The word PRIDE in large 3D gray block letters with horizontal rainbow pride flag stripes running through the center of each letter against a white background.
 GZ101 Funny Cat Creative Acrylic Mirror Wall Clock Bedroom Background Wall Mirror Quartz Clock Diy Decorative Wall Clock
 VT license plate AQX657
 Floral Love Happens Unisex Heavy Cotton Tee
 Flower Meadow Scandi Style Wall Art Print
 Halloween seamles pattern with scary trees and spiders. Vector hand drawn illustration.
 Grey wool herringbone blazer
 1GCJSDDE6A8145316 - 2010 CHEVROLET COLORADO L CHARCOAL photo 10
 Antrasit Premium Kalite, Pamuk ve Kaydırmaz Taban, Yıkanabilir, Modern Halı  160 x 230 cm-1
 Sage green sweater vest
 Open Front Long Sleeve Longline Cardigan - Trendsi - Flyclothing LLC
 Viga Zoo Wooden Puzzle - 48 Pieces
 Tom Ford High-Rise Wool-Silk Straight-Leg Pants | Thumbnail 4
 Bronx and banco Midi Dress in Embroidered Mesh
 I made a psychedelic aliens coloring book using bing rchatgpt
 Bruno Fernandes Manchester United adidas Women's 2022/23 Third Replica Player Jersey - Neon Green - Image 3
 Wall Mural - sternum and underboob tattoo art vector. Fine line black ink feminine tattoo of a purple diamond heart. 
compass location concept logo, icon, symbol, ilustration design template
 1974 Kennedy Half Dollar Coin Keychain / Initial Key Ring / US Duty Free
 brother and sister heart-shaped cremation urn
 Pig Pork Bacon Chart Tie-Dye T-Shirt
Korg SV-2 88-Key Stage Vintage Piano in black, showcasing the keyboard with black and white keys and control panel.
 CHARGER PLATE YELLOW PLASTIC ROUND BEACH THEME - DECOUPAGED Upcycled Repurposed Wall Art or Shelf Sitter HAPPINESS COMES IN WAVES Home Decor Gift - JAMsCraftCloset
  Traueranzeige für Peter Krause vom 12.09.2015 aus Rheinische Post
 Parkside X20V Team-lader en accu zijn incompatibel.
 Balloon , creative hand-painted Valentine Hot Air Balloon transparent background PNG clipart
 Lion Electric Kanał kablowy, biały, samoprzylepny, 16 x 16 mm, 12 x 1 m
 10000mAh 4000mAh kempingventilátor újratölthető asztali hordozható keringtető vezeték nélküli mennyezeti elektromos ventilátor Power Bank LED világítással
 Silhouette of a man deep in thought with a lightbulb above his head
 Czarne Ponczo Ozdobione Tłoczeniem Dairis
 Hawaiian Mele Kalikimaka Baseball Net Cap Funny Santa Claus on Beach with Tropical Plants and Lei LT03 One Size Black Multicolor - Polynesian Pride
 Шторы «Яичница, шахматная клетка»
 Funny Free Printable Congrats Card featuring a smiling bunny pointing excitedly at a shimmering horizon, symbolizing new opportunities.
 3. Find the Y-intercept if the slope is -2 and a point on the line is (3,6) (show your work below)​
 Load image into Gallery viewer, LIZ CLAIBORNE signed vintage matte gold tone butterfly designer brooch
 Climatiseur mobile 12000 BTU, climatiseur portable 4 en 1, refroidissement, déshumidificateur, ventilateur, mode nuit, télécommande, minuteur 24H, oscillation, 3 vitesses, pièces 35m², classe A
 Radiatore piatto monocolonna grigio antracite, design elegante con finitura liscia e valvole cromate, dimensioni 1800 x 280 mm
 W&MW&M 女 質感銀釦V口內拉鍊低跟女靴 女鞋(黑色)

★ ★ ★ ★ ★ ★ ★

Take the line above containing "Tom Ford High-Rise", the line containing "Balloon , creative", and all lines in between, and copy them exactly without anything else.

 Tom Ford High-Rise Wool-Silk Straight-Leg Pants | Thumbnail 4
 Bronx and banco Midi Dress in Embroidered Mesh
 I made a psychedelic aliens coloring book using bing rchatgpt
 Bruno Fernandes Manchester United adidas Women's 2022/23 Third Replica Player Jersey - Neon Green - Image 3
 Wall Mural - sternum and underboob tattoo art vector. Fine line black ink feminine tattoo of a purple diamond heart. 
compass location concept logo, icon, symbol, ilustration design template
 1974 Kennedy Half Dollar Coin Keychain / Initial Key Ring / US Duty Free
 brother and sister heart-shaped cremation urn
 Pig Pork Bacon Chart Tie-Dye T-Shirt
Korg SV-2 88-Key Stage Vintage Piano in black, showcasing the keyboard with black and white keys and control panel.
 CHARGER PLATE YELLOW PLASTIC ROUND BEACH THEME - DECOUPAGED Upcycled Repurposed Wall Art or Shelf Sitter HAPPINESS COMES IN WAVES Home Decor Gift - JAMsCraftCloset
  Traueranzeige für Peter Krause vom 12.09.2015 aus Rheinische Post
 Parkside X20V Team-lader en accu zijn incompatibel.
 Balloon , creative hand-painted Valentine Hot Air Balloon transparent background PNG clipart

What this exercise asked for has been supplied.